As teenagers, they decided to fight for FARC. Now that a peace agreement has been signed in Colombia, the children of Caldono return to their bombed village. The question is how the villagers will welcome them: with forgiveness or retaliation? Activist Farid Julicué dedicates himself to achieving reconciliation between the villagers and the former rebels.
On 23 November 2016, the Colombian government and the FARC rebel movement signed a peace agreement to bring an end to 53 years of war between the two parties. For years, the village Caldono had been the epicentre of a bloody fight. Many guerrilla fighters were born there and joined the movement at a young age. For decades, they had plagued their own village with attacks, causing many civilian casualties in the process.
Now that the peace agreement has been signed and FARC is slowly being dismantled, the fighters will have to return to their community.
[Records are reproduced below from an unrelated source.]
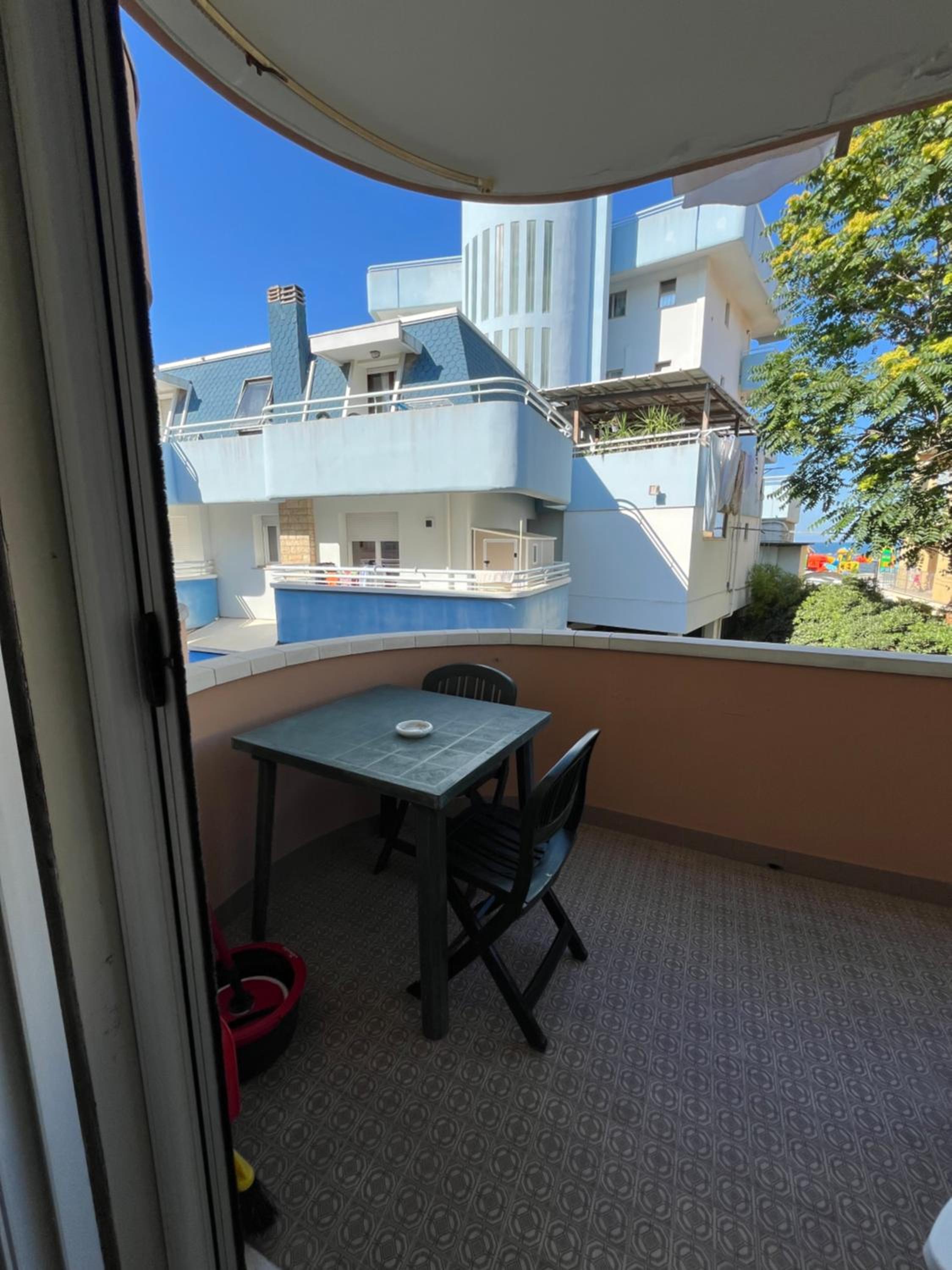 Casa delle Onde Apartments view 5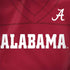 University of Alabama Maroon Jersey Surface Book 2 15in Skin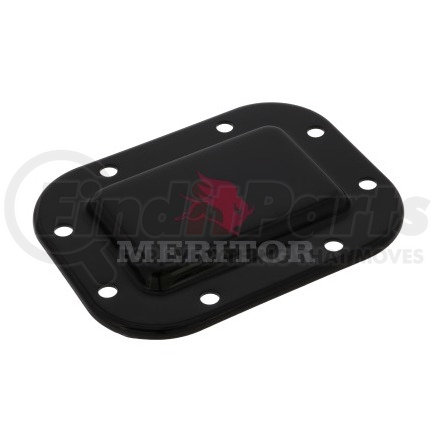 Meritor M134302809 Manual Transmission Differential MACH TRANSMISSION PTO COVER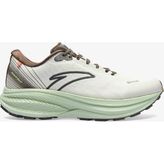Anta Bellero 3.0 Men's Grey Sneakers - Gri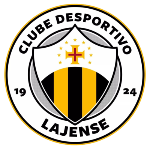 CD Lajense logo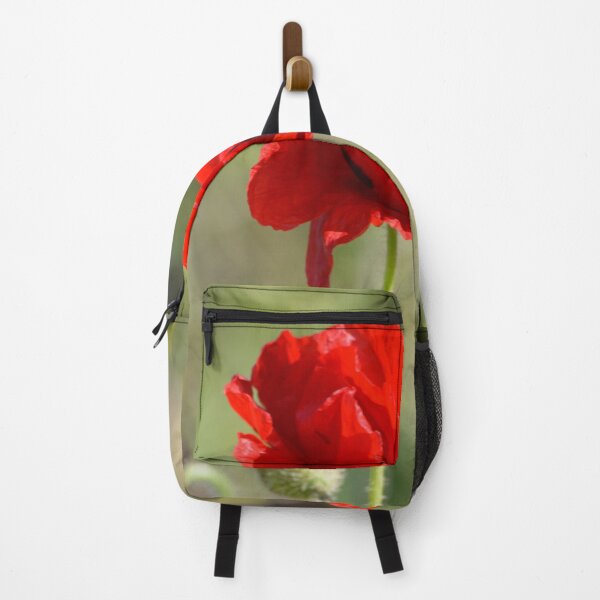 Item preview, Nature of Red - photography designed and sold by LiviJoanna.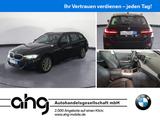 BMW 320d Touring *Navi*Memory*Sportsitze*ACC*LED*PDC - BMW 320 Gebrauchtwagen in Freiburg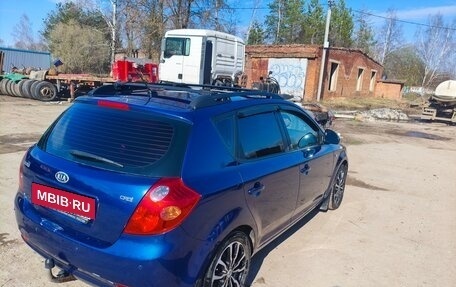 KIA cee'd I рестайлинг, 2008 год, 700 000 рублей, 4 фотография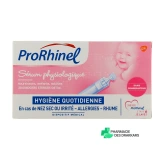 ProRhinel Sérum Physiologique - Vue 360°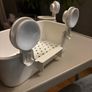 IKEA Tisken suction storage set Image 5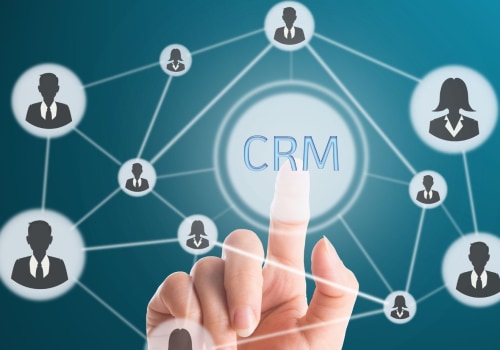 The Power of CRM: Why Small Businesses Need it to Organize and Analyze Customer Data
But who would actually want to welcome their son’s murderer? Farid Julicué is a community leader in Caldono and understands the complexity of reconciliation better than anyone. Even so, he dreams of absolute peace and dedicates himself to ensuring that his grandchildren will know peace in their future. He visits the ex-FARC warriors in a transition camp and arranges a reconciliation meeting. But the villagers still feel fear, hatred and disbelief and the road to peace is fraught with difficulties.
Onverharde weg naar vrede has been selected for the Activist competition and will be screened at Movies that Matter Festival 2019 (22-30 March, The Hague).